Eight residents spoke at Wednesday’s public hearing and seven of them voiced concerns about matters that included increased traffic, building heights, the protection of trees, and the potential to disturb a family graveyard. Charlottesville resident Antoinette Roades was among those telling the Commission she opposed the development.
“I oppose this massive project. It will literally crush my very old, very fragile neighborhood,” said Roades. “But even if I thought this project was great, I would oppose your advancing it because of the overriding concern of Allen Woodson Hawkins’ family graveyard.”

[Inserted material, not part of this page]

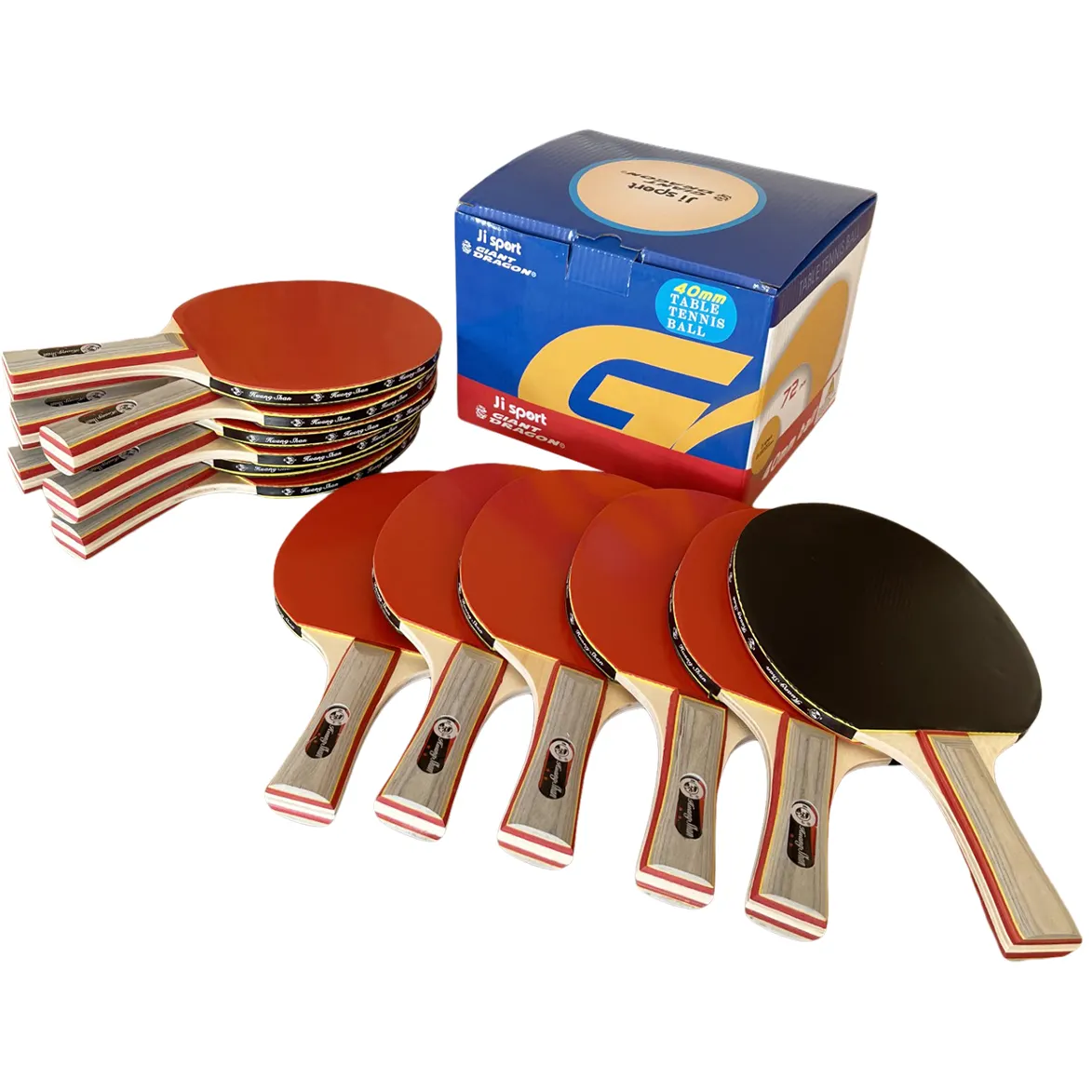 Skole bordtennispakke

Roades has collected evidence which she says proves the family graveyard will be impacted by the project. Charlie Armstrong, a Vice President of Southern Development, told the Commission that his company has had archeological experts look at the site, but so far no graveyard has been found. He pledged to excavate the site carefully and respect any evidence of human remains. The Planning Commission was told by Deputy City Attorney, Richard Harris, that even if the graveyard does exist, the matter was outside their purview with respect to the act of just rezoning the property.
“These lots can be built on right now by right,” said Harris. “A rezoning will simply allow a different type of development on that property.”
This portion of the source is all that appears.